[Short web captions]
● ● ● ● ● ● ●
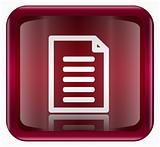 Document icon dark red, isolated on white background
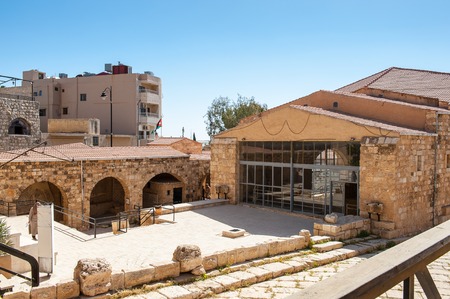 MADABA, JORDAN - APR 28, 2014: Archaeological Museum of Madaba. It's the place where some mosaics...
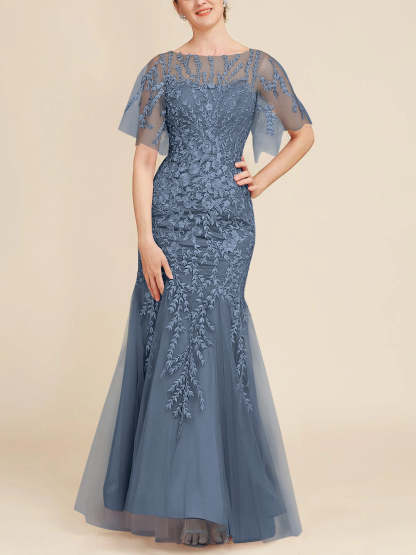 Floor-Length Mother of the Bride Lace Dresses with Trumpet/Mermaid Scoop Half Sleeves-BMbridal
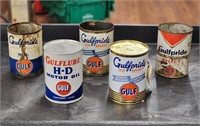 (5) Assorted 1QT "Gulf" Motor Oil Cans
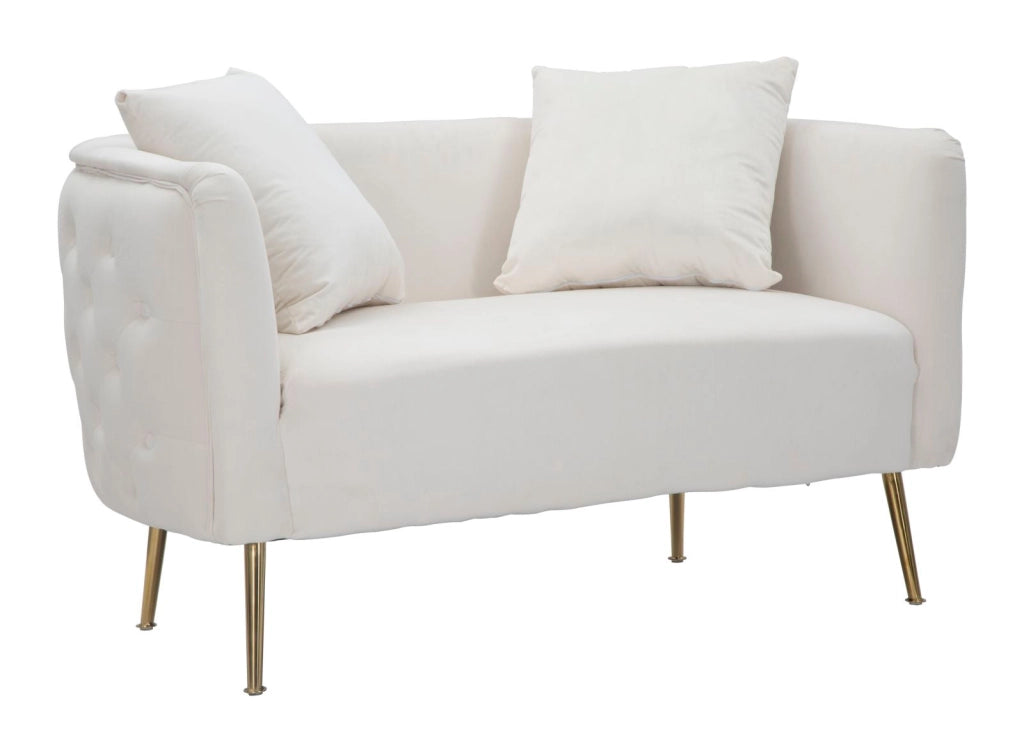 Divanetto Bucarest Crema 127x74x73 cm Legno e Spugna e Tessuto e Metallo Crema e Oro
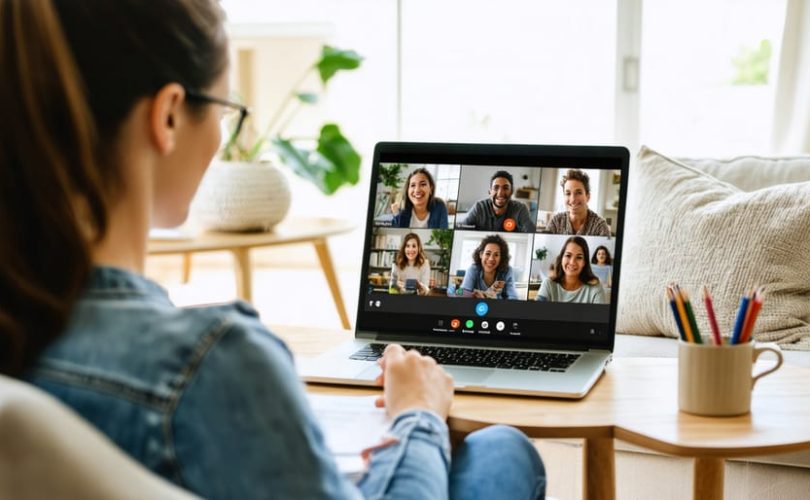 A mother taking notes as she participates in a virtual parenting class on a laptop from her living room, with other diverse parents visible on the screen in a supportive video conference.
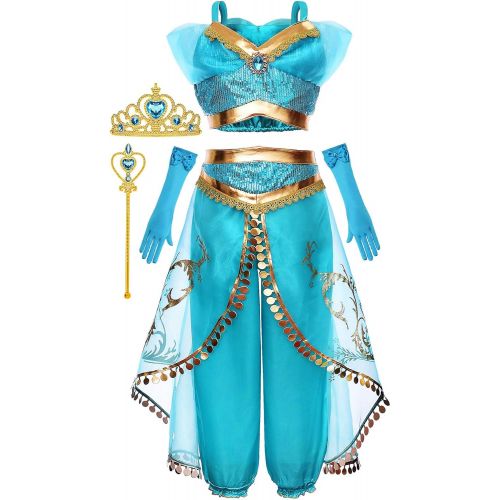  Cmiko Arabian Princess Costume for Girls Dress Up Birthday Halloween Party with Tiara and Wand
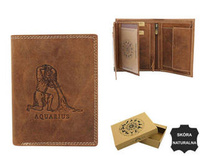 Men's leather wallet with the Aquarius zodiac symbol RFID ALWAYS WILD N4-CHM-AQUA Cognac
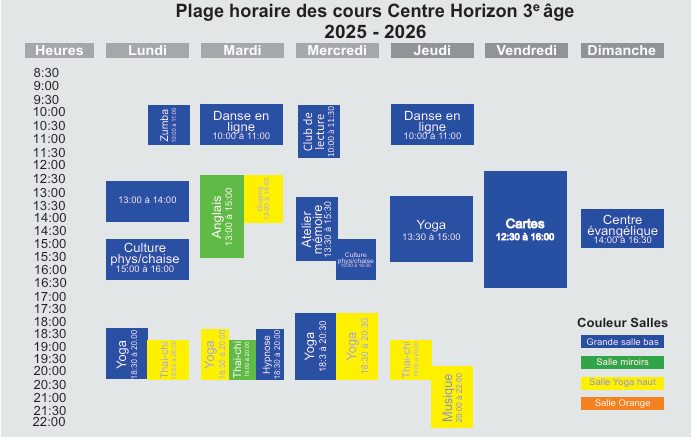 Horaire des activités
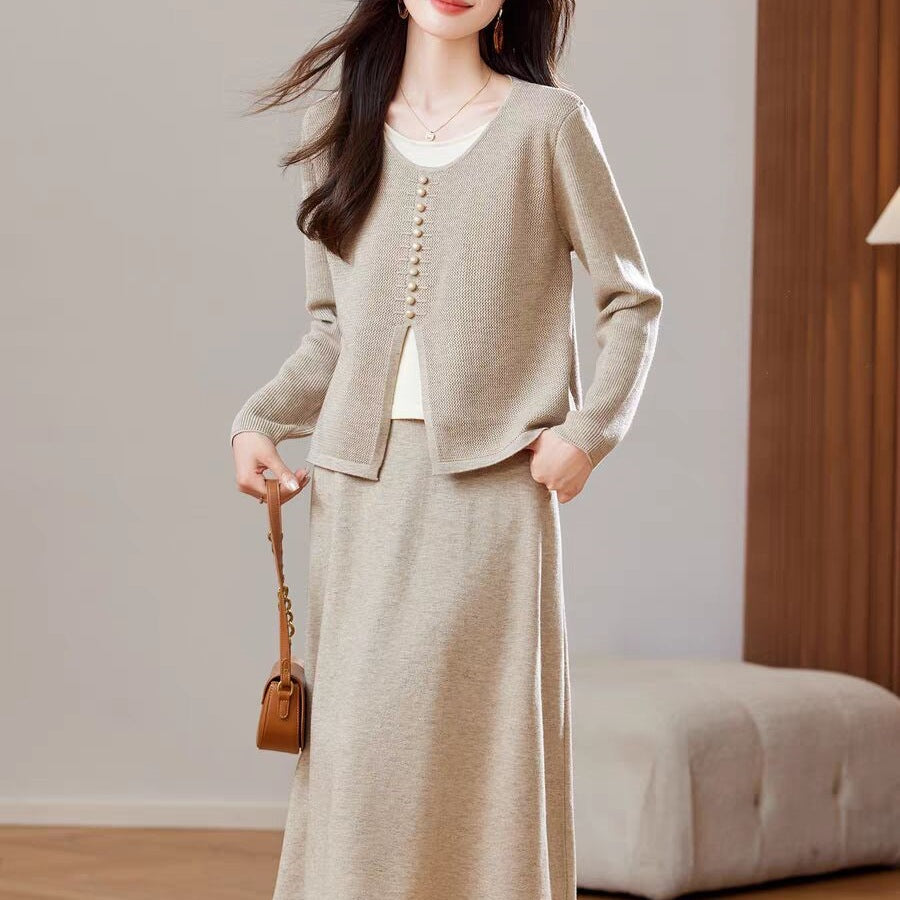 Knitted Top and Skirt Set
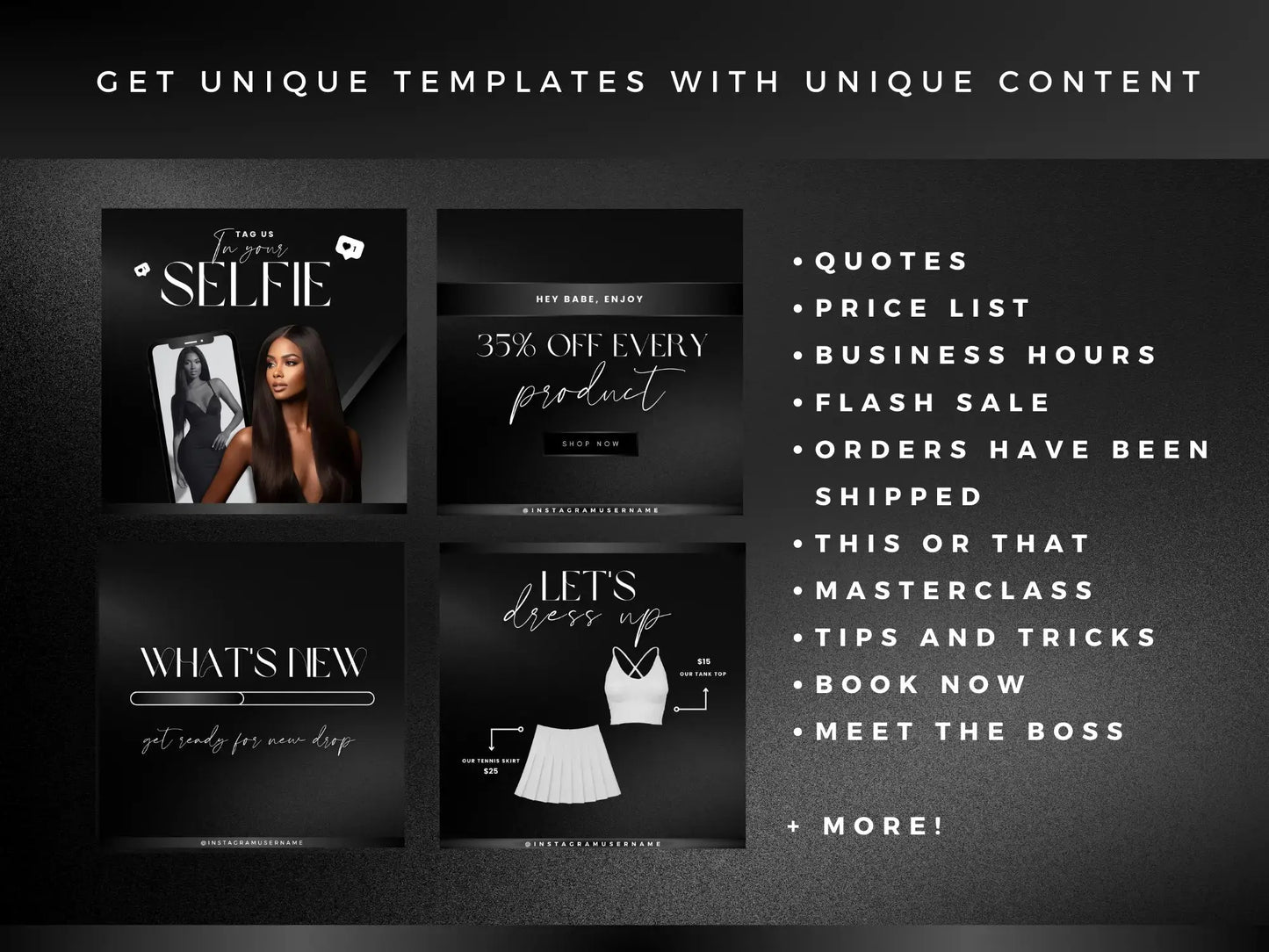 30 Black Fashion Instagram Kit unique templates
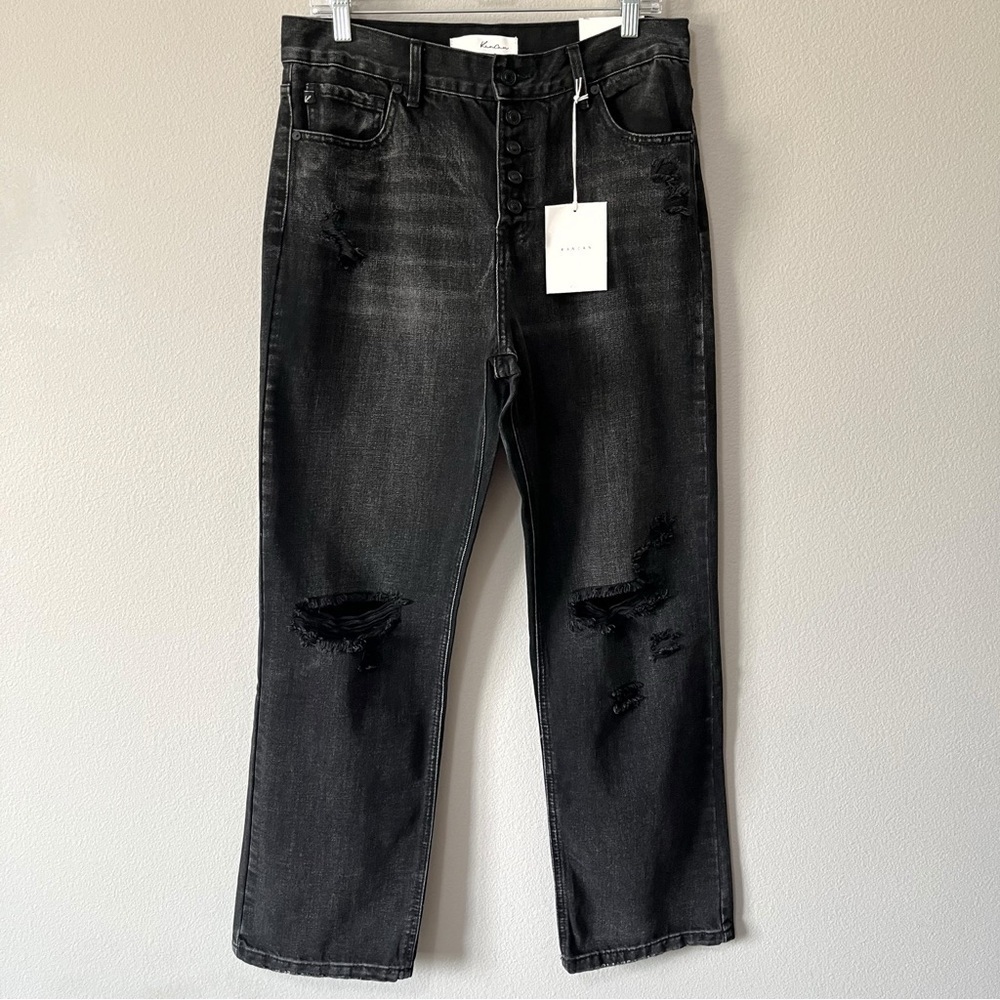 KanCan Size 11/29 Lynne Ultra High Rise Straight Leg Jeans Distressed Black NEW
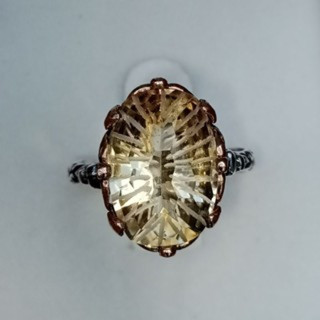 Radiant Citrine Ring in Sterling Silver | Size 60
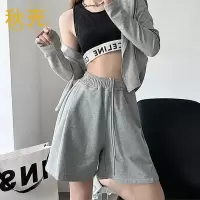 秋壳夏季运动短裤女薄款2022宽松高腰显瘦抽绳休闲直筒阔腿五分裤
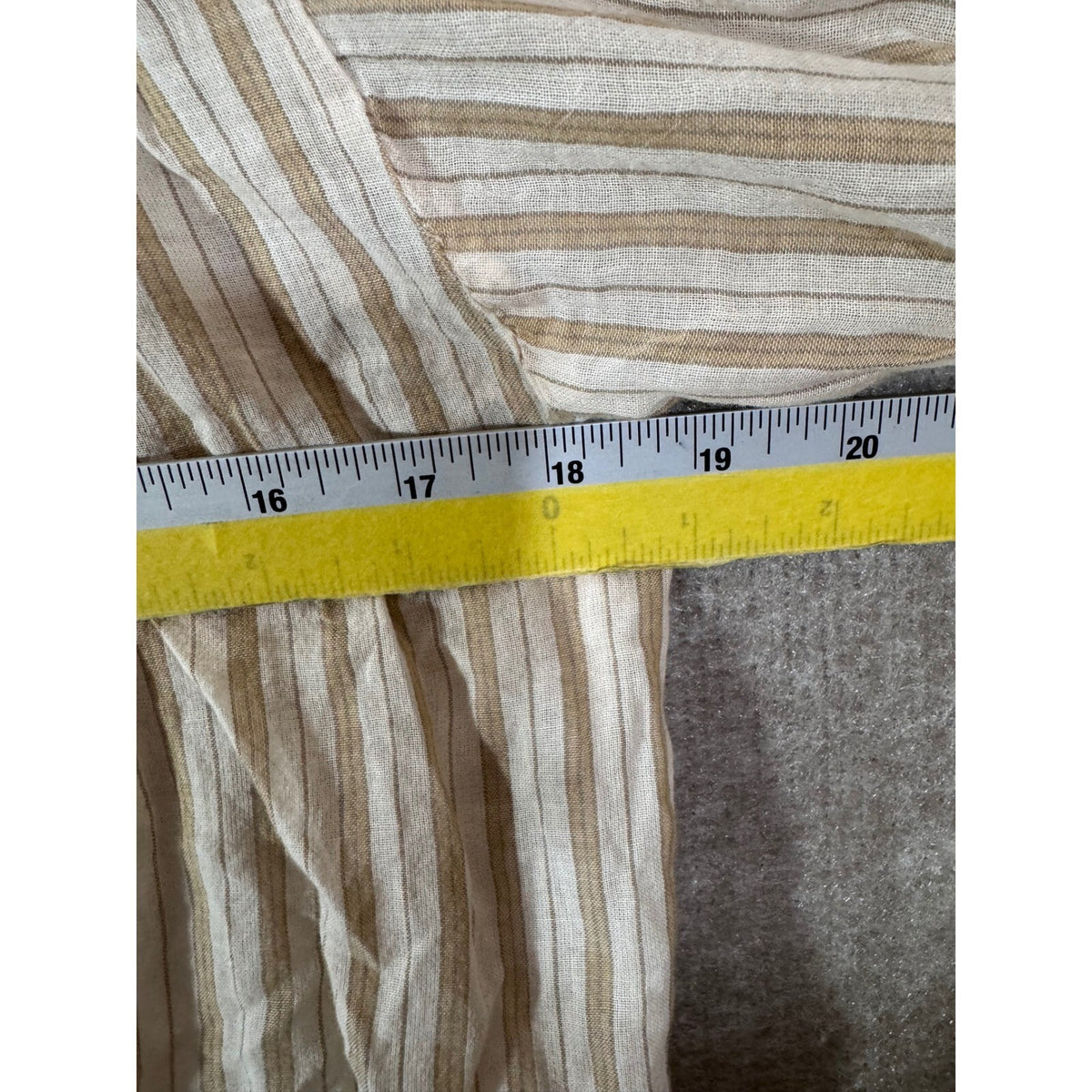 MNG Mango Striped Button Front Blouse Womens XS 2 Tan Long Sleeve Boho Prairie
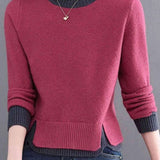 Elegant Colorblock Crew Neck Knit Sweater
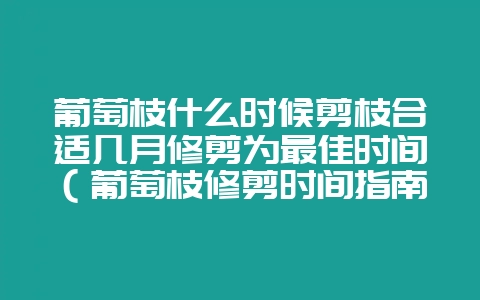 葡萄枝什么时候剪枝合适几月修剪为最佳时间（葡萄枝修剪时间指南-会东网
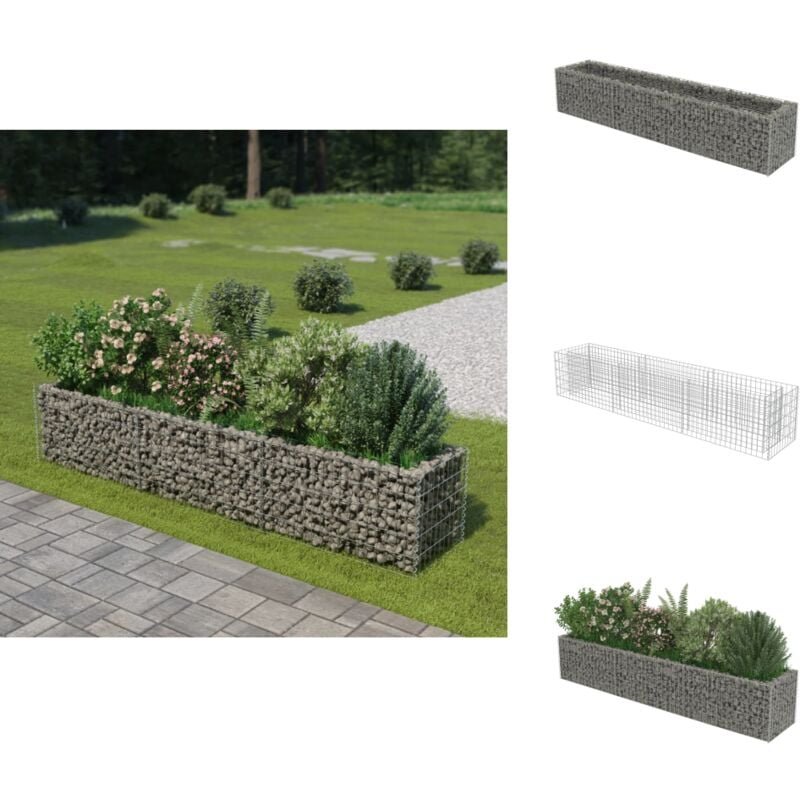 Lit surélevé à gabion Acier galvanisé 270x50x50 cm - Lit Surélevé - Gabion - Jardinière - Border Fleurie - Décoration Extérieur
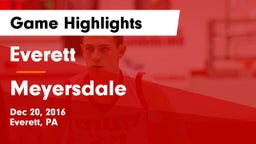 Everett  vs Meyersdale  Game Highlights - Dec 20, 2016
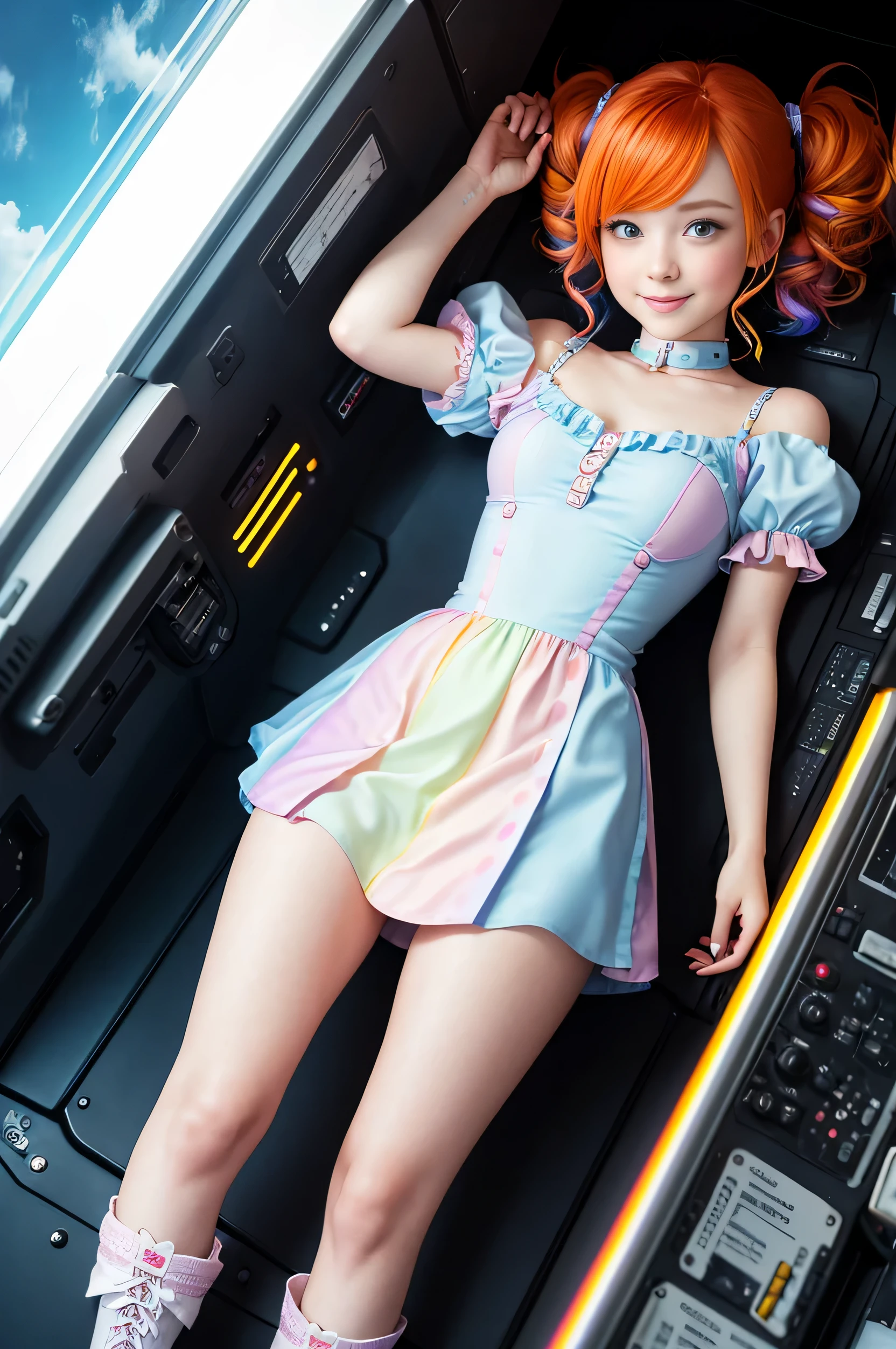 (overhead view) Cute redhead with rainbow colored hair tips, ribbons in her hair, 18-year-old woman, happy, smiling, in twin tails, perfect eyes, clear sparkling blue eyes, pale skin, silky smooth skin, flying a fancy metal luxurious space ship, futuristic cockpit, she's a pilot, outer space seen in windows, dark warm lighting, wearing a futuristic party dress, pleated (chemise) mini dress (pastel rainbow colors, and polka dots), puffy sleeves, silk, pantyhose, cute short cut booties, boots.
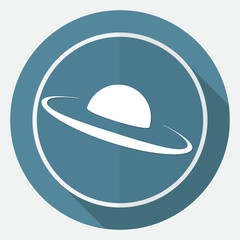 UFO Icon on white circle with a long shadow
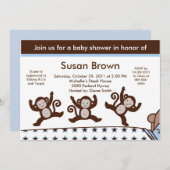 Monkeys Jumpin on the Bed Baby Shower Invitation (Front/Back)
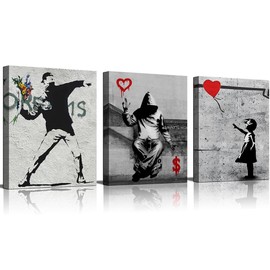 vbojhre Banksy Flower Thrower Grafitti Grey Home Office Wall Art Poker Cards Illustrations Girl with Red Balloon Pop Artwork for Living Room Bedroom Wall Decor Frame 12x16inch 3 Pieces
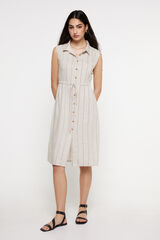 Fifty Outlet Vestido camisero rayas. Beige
● ● ● ● ● ● ●
Goal of the exercise: Set down every record above exactly as it stands, but skip the pictures.

Reply to the task:
 Document icon dark red, isolated on white background
 MADABA, JORDAN - APR 28, 2014: Archaeological Museum of Madaba. It's the place where some mosaics...
 Floor-Length Mother of the Bride Lace Dresses with Trumpet/Mermaid Scoop Half Sleeves-BMbridal
 (5) Assorted 1QT "Gulf" Motor Oil Cans
 Divanetto Bucarest Crema 127x74x73 cm Legno e Spugna e Tessuto e Metallo Crema e Oro
 A mother taking notes as she participates in a virtual parenting class on a laptop from her living room, with other diverse parents visible on the screen in a supportive video conference.
  Cmiko Arabian Princess Costume for Girls Dress Up Birthday Halloween Party with Tiara and Wand
 Men's leather wallet with the Aquarius zodiac symbol RFID ALWAYS WILD N4-CHM-AQUA Cognac
 Horaire des activités
 Knitted Top and Skirt Set
 30 Black Fashion Instagram Kit unique templates
 KanCan Size 11/29 Lynne Ultra High Rise Straight Leg Jeans Distressed Black NEW
 Radiant Citrine Ring in Sterling Silver | Size 60
 秋壳夏季运动短裤女薄款2022宽松高腰显瘦抽绳休闲直筒阔腿五分裤
 MNG Mango Striped Button Front Blouse Womens XS 2 Tan Long Sleeve Boho Prairie
 Elegant Colorblock Crew Neck Knit Sweater
 葡萄枝什么时候剪枝合适几月修剪为最佳时间（葡萄枝修剪时间指南-会东网
 Lit surélevé à gabion Acier galvanisé 270x50x50 cm - Lit Surélevé - Gabion - Jardinière - Border Fleurie - Décoration Extérieur
 Everett  vs Meyersdale  Game Highlights - Dec 20, 2016
 (overhead view) Cute redhead with rainbow colored hair tips, ribbons in her hair, 18-year-old woman, happy, smiling, in twin tails, perfect eyes, clear sparkling blue eyes, pale skin, silky smooth skin, flying a fancy metal luxurious space ship, futuristic cockpit, she's a pilot, outer space seen in windows, dark warm lighting, wearing a futuristic party dress, pleated (chemise) mini dress (pastel rainbow colors, and polka dots), puffy sleeves, silk, pantyhose, cute short cut booties, boots.
 UFO Icon on white circle with a long shadow
 Monkeys Jumpin on the Bed Baby Shower Invitation (Front/Back)
 vbojhre Banksy Flower Thrower Grafitti Grey Home Office Wall Art Poker Cards Illustrations Girl with Red Balloon Pop Artwork for Living Room Bedroom Wall Decor Frame 12x16inch 3 Pieces
 Fifty Outlet Vestido camisero rayas. Beige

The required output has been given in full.